Task to carry out: Below are records; report the number of lines among them that include the word "leaves", and nothing further.

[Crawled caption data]
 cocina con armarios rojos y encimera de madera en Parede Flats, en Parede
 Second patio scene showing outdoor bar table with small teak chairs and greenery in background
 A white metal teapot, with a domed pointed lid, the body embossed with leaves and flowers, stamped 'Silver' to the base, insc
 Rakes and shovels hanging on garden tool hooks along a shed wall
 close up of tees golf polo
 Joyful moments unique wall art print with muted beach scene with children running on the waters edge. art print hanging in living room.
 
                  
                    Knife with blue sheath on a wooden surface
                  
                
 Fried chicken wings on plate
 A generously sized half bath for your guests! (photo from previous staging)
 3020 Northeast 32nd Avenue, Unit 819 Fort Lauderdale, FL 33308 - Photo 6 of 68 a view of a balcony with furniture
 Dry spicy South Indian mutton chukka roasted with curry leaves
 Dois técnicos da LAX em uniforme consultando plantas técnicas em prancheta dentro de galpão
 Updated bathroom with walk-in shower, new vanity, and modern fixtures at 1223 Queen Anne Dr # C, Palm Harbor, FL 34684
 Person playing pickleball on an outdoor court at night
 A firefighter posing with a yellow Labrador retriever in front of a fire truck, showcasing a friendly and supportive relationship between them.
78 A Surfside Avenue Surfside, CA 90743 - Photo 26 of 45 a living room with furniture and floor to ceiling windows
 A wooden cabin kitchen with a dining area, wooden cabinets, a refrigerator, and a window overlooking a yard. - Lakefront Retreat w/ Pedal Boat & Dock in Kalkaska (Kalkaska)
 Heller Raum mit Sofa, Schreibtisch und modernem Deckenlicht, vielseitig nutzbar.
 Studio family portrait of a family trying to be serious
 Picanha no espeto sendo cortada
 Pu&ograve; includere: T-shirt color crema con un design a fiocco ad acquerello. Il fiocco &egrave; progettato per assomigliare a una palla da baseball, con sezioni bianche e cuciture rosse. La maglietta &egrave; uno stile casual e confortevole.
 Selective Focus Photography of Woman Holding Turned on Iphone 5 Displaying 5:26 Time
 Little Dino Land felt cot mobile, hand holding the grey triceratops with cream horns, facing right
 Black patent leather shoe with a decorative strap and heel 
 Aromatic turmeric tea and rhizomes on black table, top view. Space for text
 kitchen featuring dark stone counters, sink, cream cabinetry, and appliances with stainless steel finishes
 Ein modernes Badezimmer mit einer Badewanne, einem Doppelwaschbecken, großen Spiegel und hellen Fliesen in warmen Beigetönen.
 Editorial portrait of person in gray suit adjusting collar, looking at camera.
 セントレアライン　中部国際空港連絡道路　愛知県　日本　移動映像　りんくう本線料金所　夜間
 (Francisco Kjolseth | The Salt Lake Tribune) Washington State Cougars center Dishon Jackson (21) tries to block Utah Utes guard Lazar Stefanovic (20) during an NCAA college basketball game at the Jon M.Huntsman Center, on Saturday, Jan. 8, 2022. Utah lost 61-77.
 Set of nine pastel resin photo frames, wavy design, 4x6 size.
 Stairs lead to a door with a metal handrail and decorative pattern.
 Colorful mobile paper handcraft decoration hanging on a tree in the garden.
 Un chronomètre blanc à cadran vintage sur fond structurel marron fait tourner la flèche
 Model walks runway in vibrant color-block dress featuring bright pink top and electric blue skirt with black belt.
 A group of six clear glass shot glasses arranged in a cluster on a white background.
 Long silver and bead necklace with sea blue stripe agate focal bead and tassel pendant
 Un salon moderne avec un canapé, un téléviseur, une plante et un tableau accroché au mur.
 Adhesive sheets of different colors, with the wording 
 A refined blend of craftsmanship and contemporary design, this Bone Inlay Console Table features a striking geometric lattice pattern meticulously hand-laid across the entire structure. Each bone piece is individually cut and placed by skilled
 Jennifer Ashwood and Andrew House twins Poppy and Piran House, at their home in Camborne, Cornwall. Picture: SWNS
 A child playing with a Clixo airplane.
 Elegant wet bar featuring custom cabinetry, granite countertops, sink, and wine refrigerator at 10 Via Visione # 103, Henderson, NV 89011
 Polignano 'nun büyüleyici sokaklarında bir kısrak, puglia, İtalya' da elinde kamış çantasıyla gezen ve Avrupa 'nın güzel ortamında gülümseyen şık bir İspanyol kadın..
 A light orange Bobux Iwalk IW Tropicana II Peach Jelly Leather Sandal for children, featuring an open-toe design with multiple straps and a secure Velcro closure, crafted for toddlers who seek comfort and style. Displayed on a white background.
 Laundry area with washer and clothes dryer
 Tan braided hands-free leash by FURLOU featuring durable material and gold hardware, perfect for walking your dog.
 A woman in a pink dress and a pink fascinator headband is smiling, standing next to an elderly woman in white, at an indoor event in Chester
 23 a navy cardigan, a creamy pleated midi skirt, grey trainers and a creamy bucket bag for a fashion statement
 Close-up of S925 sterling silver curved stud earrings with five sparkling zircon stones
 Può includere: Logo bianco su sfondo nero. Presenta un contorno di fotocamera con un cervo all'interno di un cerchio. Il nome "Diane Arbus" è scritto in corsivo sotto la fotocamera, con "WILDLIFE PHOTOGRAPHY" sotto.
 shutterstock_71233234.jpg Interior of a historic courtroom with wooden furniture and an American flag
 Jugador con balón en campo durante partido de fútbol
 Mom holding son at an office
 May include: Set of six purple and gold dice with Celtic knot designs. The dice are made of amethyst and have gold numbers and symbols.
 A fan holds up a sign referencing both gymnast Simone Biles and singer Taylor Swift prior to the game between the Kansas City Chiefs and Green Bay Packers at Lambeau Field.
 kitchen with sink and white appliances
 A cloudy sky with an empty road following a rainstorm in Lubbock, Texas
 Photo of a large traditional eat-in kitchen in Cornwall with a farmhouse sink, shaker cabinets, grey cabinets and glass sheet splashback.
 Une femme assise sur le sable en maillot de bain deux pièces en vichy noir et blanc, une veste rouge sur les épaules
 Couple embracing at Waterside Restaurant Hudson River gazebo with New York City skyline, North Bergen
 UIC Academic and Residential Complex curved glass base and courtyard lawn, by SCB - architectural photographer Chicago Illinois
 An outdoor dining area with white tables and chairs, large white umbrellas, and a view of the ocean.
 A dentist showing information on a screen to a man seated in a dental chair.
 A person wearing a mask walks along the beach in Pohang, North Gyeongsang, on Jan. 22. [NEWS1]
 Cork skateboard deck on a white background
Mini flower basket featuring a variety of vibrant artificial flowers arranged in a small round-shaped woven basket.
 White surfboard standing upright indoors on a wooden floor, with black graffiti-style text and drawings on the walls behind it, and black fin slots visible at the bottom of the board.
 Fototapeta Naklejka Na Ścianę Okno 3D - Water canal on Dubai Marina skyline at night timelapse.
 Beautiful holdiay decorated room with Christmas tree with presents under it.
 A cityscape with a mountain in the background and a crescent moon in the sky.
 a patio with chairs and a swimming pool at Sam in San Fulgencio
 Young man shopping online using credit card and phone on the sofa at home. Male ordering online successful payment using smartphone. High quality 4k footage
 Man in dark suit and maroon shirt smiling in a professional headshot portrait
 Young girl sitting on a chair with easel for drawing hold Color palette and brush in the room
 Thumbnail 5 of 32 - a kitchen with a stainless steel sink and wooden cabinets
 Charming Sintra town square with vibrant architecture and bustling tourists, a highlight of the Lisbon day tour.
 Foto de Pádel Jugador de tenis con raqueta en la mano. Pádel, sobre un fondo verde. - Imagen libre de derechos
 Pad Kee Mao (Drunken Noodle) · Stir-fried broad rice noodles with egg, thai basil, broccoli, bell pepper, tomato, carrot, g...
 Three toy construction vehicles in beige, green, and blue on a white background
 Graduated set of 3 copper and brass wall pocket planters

Result: 2